- _Aim of the exercise_
Directions for the data below: repeat exactly the lines from the one with "3002 Beluche Dr, Galveston, TX" through the one with "Style Audrey Hepburn", both included, and omit all pictures.

- _Data listing_
• • • •
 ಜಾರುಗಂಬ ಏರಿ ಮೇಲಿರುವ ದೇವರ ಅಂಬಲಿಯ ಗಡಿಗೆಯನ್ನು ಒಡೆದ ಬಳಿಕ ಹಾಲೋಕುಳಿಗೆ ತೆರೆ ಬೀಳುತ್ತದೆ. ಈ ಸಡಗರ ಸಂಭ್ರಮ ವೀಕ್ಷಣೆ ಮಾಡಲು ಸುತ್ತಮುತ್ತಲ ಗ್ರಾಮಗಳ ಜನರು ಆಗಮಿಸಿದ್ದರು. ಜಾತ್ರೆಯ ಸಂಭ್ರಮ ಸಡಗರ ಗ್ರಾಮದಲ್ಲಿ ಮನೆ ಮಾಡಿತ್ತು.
• • • •
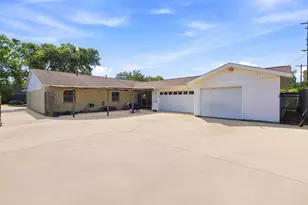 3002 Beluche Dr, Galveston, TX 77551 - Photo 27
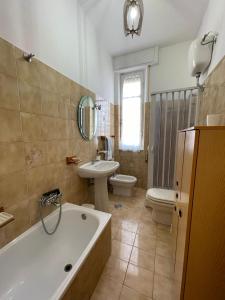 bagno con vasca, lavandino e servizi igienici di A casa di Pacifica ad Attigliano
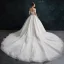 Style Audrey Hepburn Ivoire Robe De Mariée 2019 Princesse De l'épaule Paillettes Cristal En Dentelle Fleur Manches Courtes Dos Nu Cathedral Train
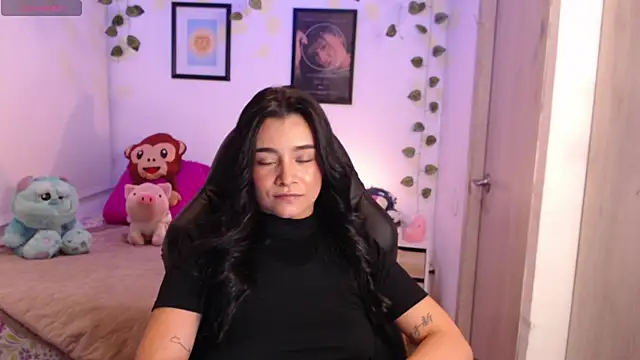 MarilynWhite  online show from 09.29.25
• • • •
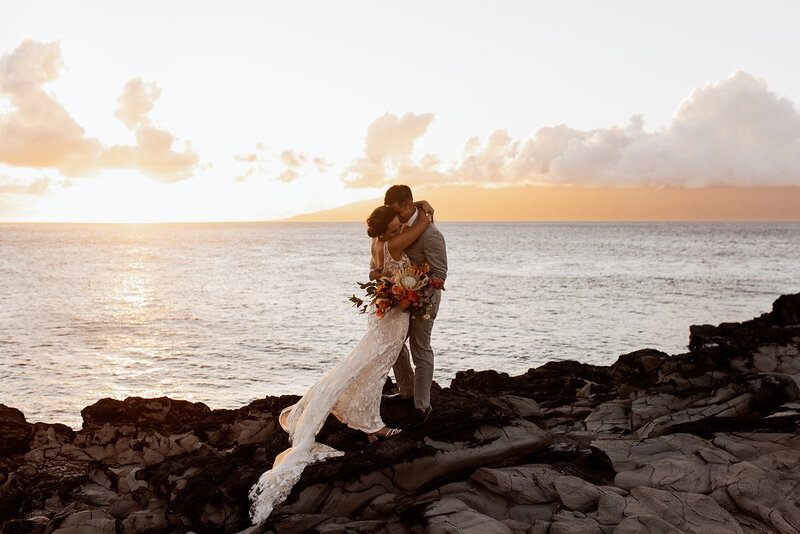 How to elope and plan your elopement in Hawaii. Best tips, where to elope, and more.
• • • •
- _Answer space_
 3002 Beluche Dr, Galveston, TX 77551 - Photo 27
 bagno con vasca, lavandino e servizi igienici di A casa di Pacifica ad Attigliano
 Style Audrey Hepburn Ivoire Robe De Mariée 2019 Princesse De l'épaule Paillettes Cristal En Dentelle Fleur Manches Courtes Dos Nu Cathedral Train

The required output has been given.